The YDS also includes ratings for mountaineering and other types of climbing, but these are expressed in a different format than the rock climbing grades, using Roman numerals and other symbols.


Top 5 International Climbing Grade Rating Systems

If you’re climbing abroad, you should be familiar with other systems, including the French grading system, the UIAA grading system, and a handful of others.

Grading System Used In Description
YDS United States and Canada Scale of 1-5, with additional divisions after 5 up to 5.15
French System France, certain routes in the UK, many other places in the world Scale of 1-9, with lettered subdivisions (5a, 5b, etc.)
UIAA Scale of Difficulty Germany, Austria, some routes in Italy, Eastern Europe Roman numerals with + or – designations
Great Britain Most UK routes Two subgrades, an adjective grade (Moderate, Very Difficult, etc.) and a technical grade describing the hardest move of a climb
Australian Australia and New Zealand Simple numerical scale with a single number that gets bigger as the climbs get more challenging


Climbing Grades Compared

While there are other grading systems, these five are the most commonly used. The chart below shows how these scales’ grades compare to each other. Not all levels of a particular scale have a direct comparison to all of the other scales.

YDS French UIAA GB (Technical) GB (Adjective) Australian
5 1 I 3a
5.1/5.2 2 II 3b 11
5.3/5.4 3 III 3c Moderate 12
5.5 4a IV 4a Very Difficult 13
5.6 4b IV+ 4b Severe 14
5.7 4c V 4c Hard Severe 15
5.8 5a V+ Very Severe 16
5.9 5b VI- 5a Hard Very Severe 17
5.10a 5c VI Extremely Severe 1 18
5.10b 6a VI+ 5b 19
5.10c 6a+ VII- Extremely Severe 2 20
5.10d 6b VII 5c 21
5.11a 6b+ VII+ Extremely Severe 3 22
5.11b 6c VIII- 23
5.11c 6c+ VIII 6a Extremely Severe 4 24
5.11d 7a VIII+ 25
5.12a 7a+ IX- Extremely Severe 5 26
5.12b 7b IX- IX 6b
5.12c 7b+ IX Extremely Severe 6 27
5.12d 7c IX IX+ 6c 28
5.13a 7c+ IX+ Extremely Severe 7 29
5.13b 8a IX+ X-
5.13c 8a+ X- 7a 30
5.13d 8b X Extremely Severe 8 31
5.14a 8b+ X+ 32
5.14b 8c X+ XI- 7b 33
5.14c 8c+ XI- Extremely Severe 9 34
5.14d 9a XI 7c 35
5.15a 9a+ XI+ 36
5.15b 9b XII- 37
5.15c 9b+ XII 38
5.15d 9c XII+ 39


Bouldering Scales

In North America, bouldering problems use a different scale than climbing routes. The YDS does not apply to bouldering routes; instead, either the French Scale (usually referred to by its other name, the Fontainebleau Scale or Font Scale for short) or the Hueco V Scale is used.

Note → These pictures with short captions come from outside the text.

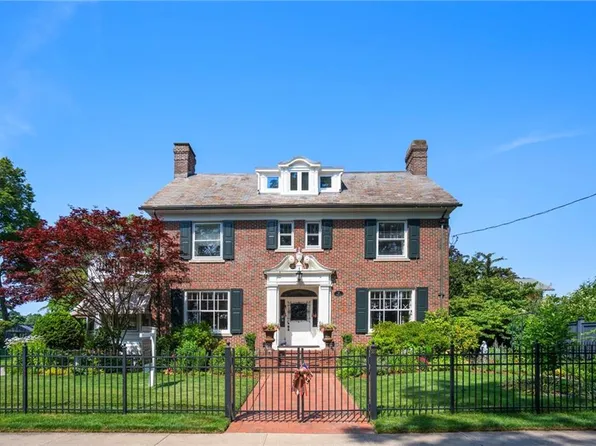 25 Seaview Ave, Cranston, RI 02905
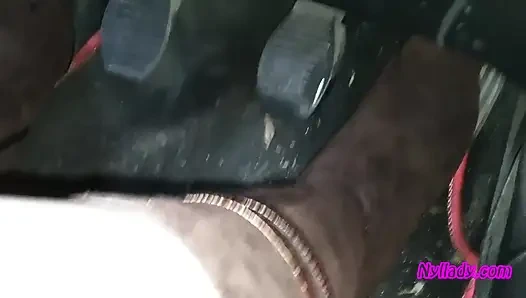 Nyllady fährt ihren roten punto in high heelsed stiefeln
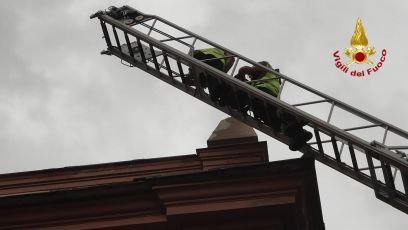 Cogoleto, chiesa di Santa Maria Maggiore colpita da un fulmine: i Vigili del fuoco rimuovono l'intonaco pericolante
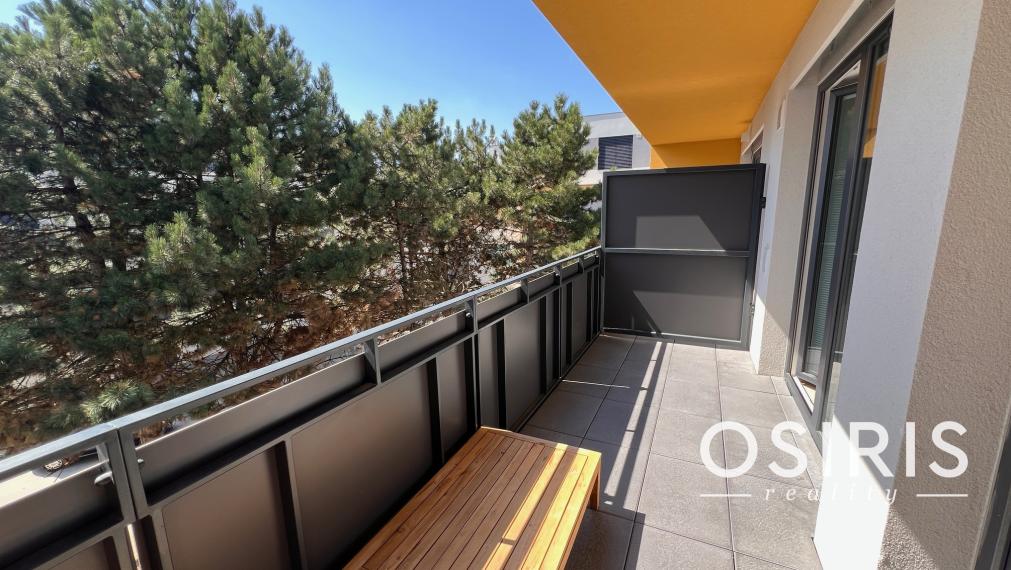 Klimatizovaný, zariadený 2i byt v novostavbe v tichej lokalite Rovinka s vlastným parkovacím miestom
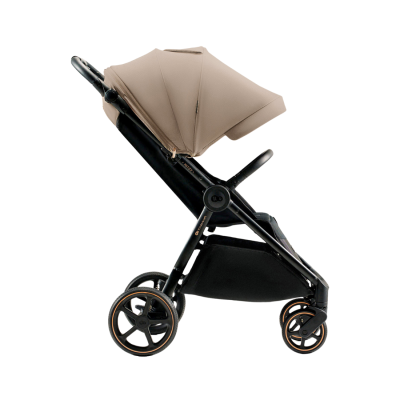 Carrinho de bebé bege e preto com rodas e estrutura visível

The V Scale goes from 0 to 17 and may have a + or – for further specificity. These two scales are used interchangeably, so it’s useful to know how they correlate.

V Scale Font Scale
VB (V-beginner, the easiest bouldering problems) 3
V0- 4-
V0 4
V0+ 4+
V1 5
V2 5+
V3 6A
V4 6B
V5 6C
V6 7A
V7 7A+
V8 7B
V9 7C
V10 7C+
V11 8A
V12 8A+
V13 8B
V14 8B+
V15 8C
V16 8C+
V17 9A

The V scale is even more subjective than the YDS for climbing routes. The concept is simple; the higher the number, the harder the problem. However, determining how hard a bouldering problem truly depends on the climber. This has caused controversy over how effective these ratings can be in some cases.


What Grade Ratings Can’t Tell You

It is very important to understand the climbing grade ratings. Failing to do so and choosing a route that’s too difficult could end in serious injury or worse. But ratings can’t tell you everything about a route! Here are some key considerations about rock climbing grade ratings to keep in mind before choosing your next route.


Grades Are Subjective

Rock climbing grades are assigned by climbers who have completed the route, not an outside authority. This means that there are variations in difficulty based on personal experience and climbing style.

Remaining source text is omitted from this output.